Bonus casa rimodulati e nuovi aiuti per i lavoratori
Anche il fronte delle agevolazioni edilzie, quelle che negli anni hanno rappresentato un pilastro delle dichiarazioni dei redditi degli italiani, subisce una profonda revisione. Il bonus per le ristrutturazioni, quello che consente di recuperare il 50 per cento delle spese sostenute, viene ora limitato ai soli interventi effettuati sull’abitazione principale. Per tutti gli altri immobili, la detrazione scende al 36 per cento, una differenza sostanziale che potrebbe orientare le scelte di chi programma dei lavori. Accanto a queste novità, che in molti casi riducono il perimetro dei benefici, emergono però anche alcune misure di segno opposto, pensate per sostenere specifiche categorie di contribuenti. Si pensi, ad esempio, al trattamento integrativo, una somma variabile fino a 960 euro riconosciuta a chi ha un reddito complessivo non superiore a 20mila euro, oppure alla nuova detrazione per i redditi compresi tra 20mila e 40mila euro. C’è poi la detassazione, entro il limite di 5mila euro annui, delle somme erogate dal datore di lavoro per aiutare i neoassunti a tempo indeterminato a pagare l’affitto o le spese di manutenzione della casa, una misura che cerca di incentivare la mobilità e l’occupazione stabile.

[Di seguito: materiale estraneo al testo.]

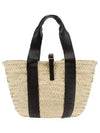 Sense Medium Raffia Basket Tote Bag Beige Black - CHLOE - BALAAN 2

Le novità in dettaglio tra welfare e cripto-attività
Scendendo ancora più nel dettaglio della modulistica, emergono altre indicazioni degne di nota. Nel quadro C del modello, ad esempio, compare un nuovo rigo, il C18, dedicato espressamente ai contributi di welfare aziendale per le spese di affitto e manutenzione. Le istruzioni, in questo senso, sono molto chiare nel recepire le novità introdotte dalla legge di Bilancio. Per quanto riguarda, invece, il mondo degli investimenti, una svolta epocale riguarda le cripto-attività: dal 1° gennaio 2025 è stata eliminata la soglia di esenzione di 2mila euro per le plusvalenze, il che significa che qualsiasi guadagno realizzato dovrà essere dichiarato. E dal 2026, per chiudere il cerchio, l’aliquota sostitutiva su questi proventi salirà al 33 per cento. Insomma, il 730/2026 si presenta come un appuntamento complesso, nel quale ogni rigo e ogni casella nascondono potenziali sorprese, e dove la conoscenza delle nuove regole farà la differenza tra un rimborso atteso e un debito imprevisto.